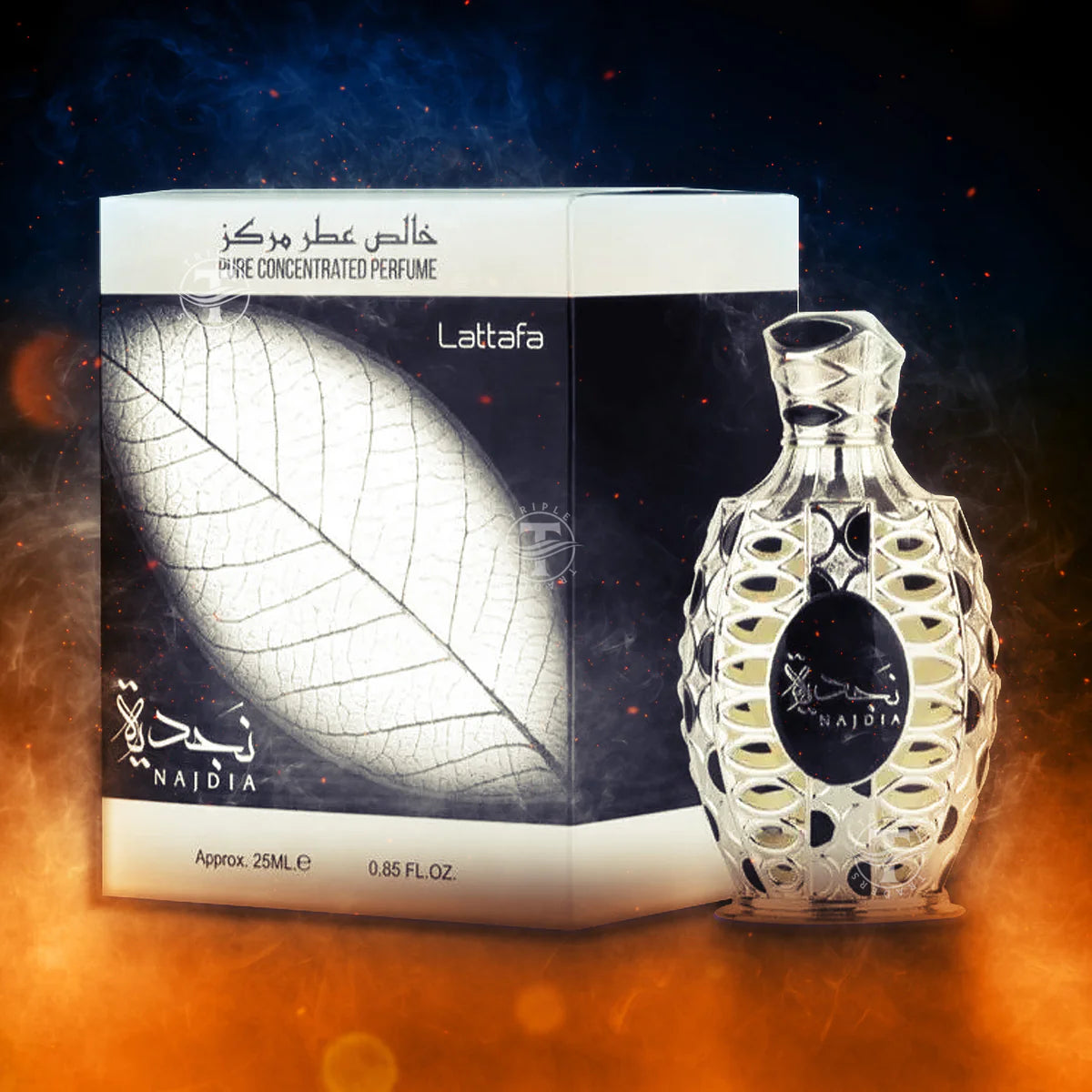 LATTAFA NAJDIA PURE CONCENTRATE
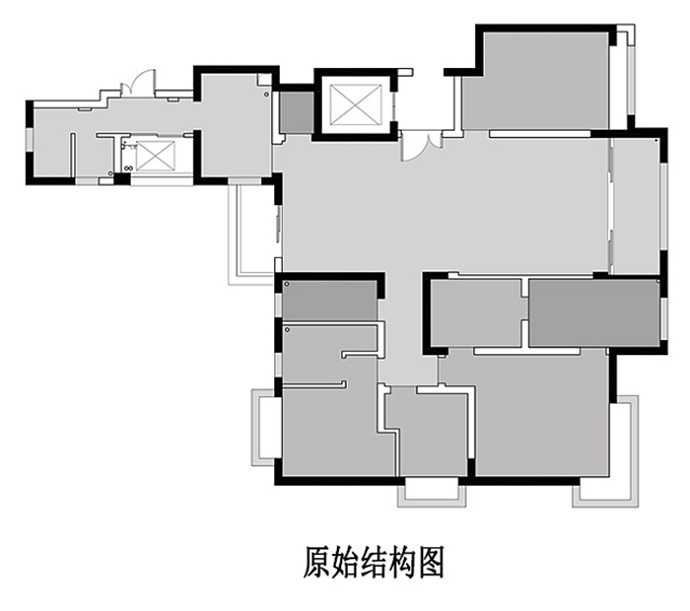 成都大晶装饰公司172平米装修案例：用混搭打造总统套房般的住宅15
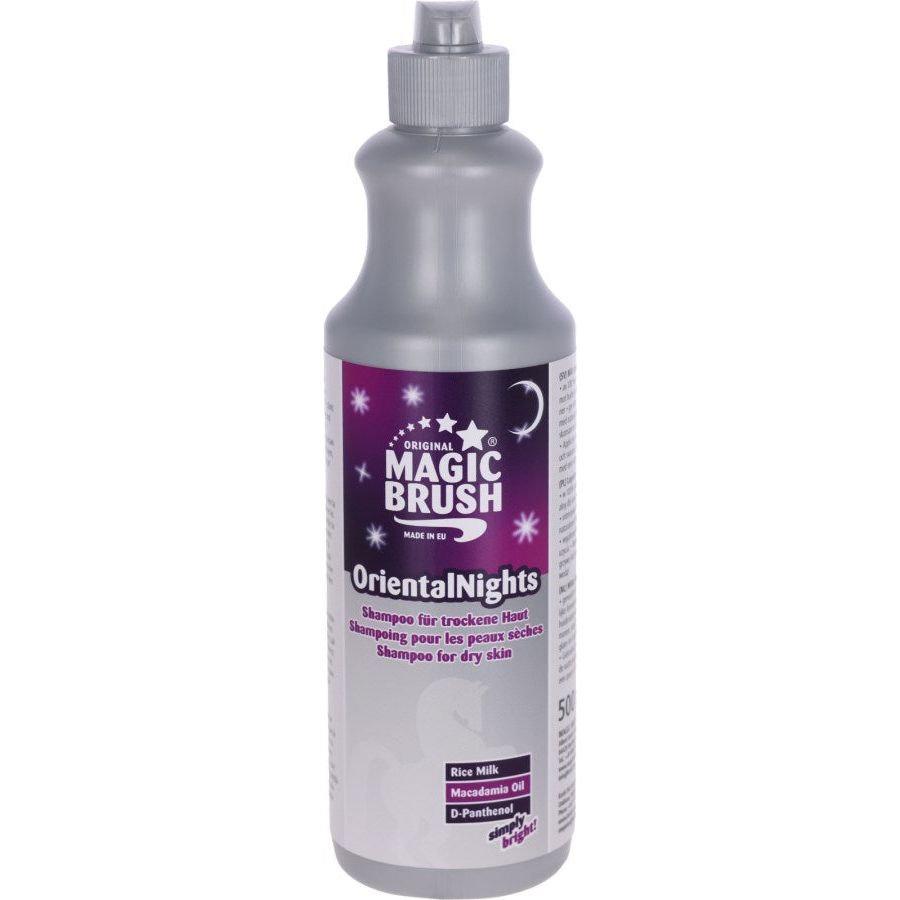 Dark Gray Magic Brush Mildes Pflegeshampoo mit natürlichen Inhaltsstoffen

...

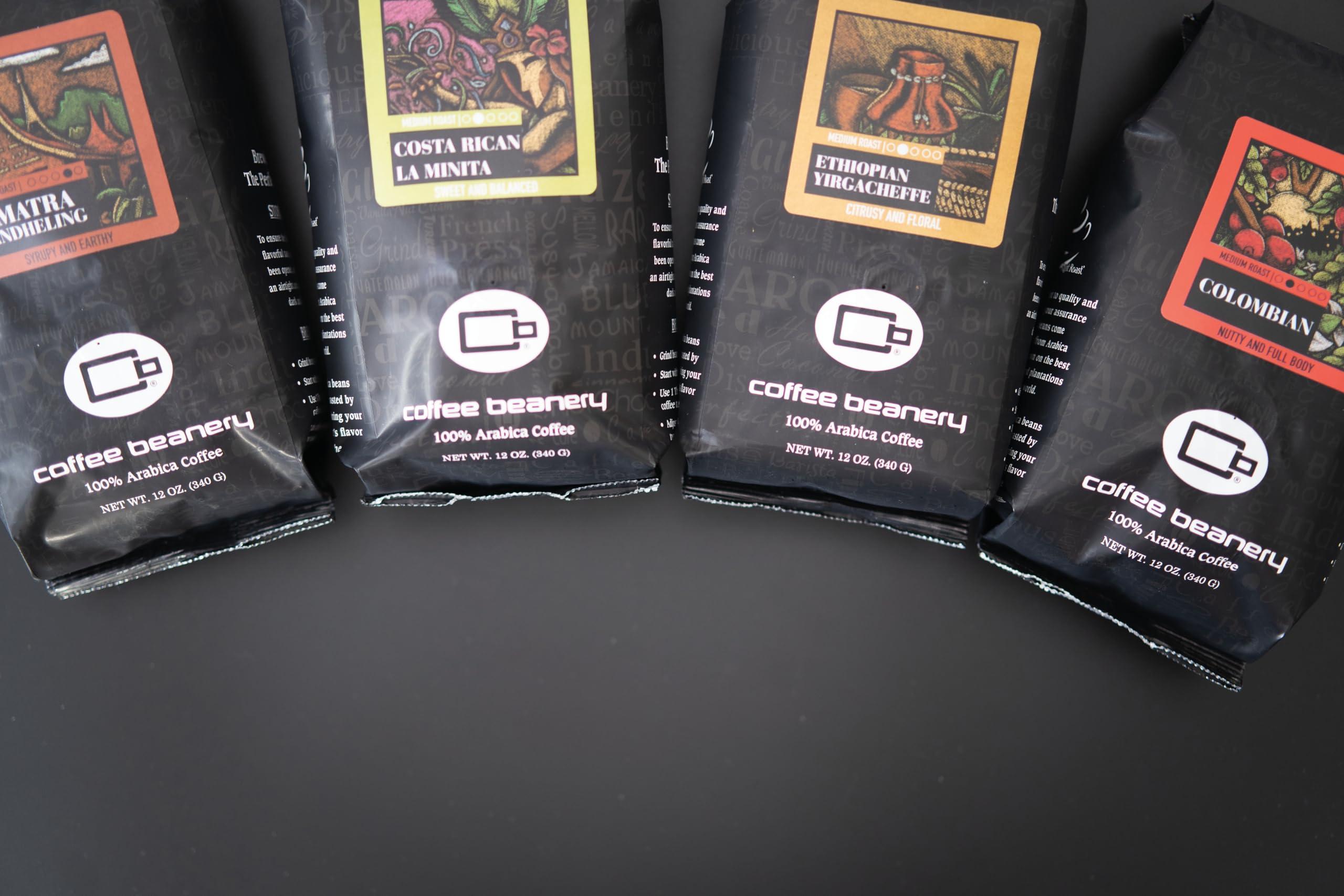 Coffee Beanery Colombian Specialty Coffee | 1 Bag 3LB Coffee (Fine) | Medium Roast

▶ **TASK REQUIREMENTS**
The answer must be the part of the records that opens with the line containing "成都大晶装饰公司172平米装修案例：用混搭打造总统套房般的住宅15" and closes with the line containing "Dark Gray Magic", reproduced exactly, with no pictures.

▶ **PROBLEM SOLUTION**
 成都大晶装饰公司172平米装修案例：用混搭打造总统套房般的住宅15
 Dark Gray Magic Brush Mildes Pflegeshampoo mit natürlichen Inhaltsstoffen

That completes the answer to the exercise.